Maybe the initial shock wears off for people. After hearing how ill JD was, we had A LOT of visitors, emails & phone calls. Now that things have gone on for longer than perhaps first expected, fewer people are visiting. And this is the time when visitors would be really nice, not just for Jane, but also for me. Caring is hard work. It is relentless and all-consuming. Having visitors gives me the chance to leave the house for a bit, even if it is just for an hour to grab a drink with some other people, or something like that.
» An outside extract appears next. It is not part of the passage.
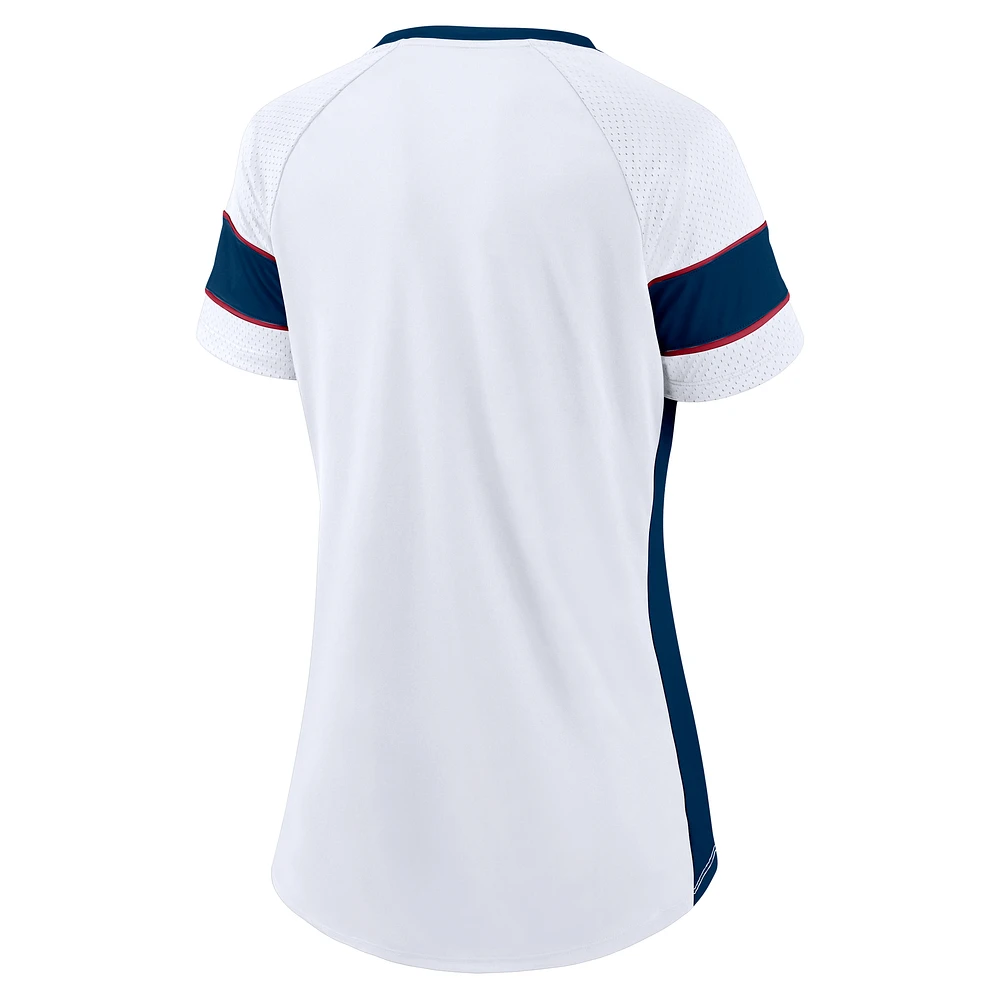 Women's Fanatics  White Houston Texans Block Party Athena Lace-Up Top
When JD first came home, I did not want to leave the house. But now, over the whole bank holiday period, we had visitors on only 3 out of 11 days and none at all in the diary for the next 2 weeks. And believe me, I love JD to bits but spending day after day, alone with someone who just sleeps all day, without being able to leave the house can be really boring.

Maybe visiting terminally ill friends is just different from visiting a friend. It is less about a social visit for the visitor’s pleasure. It should become more about being helpful or entertaining for the ill person or their carer. Your visit becomes something that helps someone, rather than just entertains.
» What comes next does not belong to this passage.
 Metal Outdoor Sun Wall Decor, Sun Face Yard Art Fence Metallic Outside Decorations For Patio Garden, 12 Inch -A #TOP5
Not sure what I am trying to say. Maybe I am saying that perhaps some people should get over the fact that they feel uncomfortable sitting next to JD’s bed and think instead of how their visit, hard as it might be for them, can bring a little bit of relief for JD or for me. To them, it is just an hour, 2 hours of being uncomfortable. For JD and me, it is day after day after day. For a “normal” social visit, I can see how driving 1 hour to come & see us after your regular work day is a bit much. But for a friend who is so ill, surely that is a tiny, tiny inconvenience for you and certainly no reason not to visit on a regular basis? is people’s willingness to travel an indication of how much they do or do not care? If that is the case, then the lovely guy who had not seen or spoken to JD for 6 years who came to visit recently must be one of her best friends.

Hmmm… As usual, this all seems rather angry and ungrateful for me to say. It is not what I mean. Just not very good at saying what I mean. I am just thinking that if it was one of my good friends, I would visit regularly, inform regularly, email or phone regularly. Show my interest and care very regularly. I know life goes on for people and that, hard as it is to believe, JD is not the centre of the universe for some of her friends, but I would have thought that she would occupy a slightly more central place in some of her friends’ lives now that they will be losing her soon.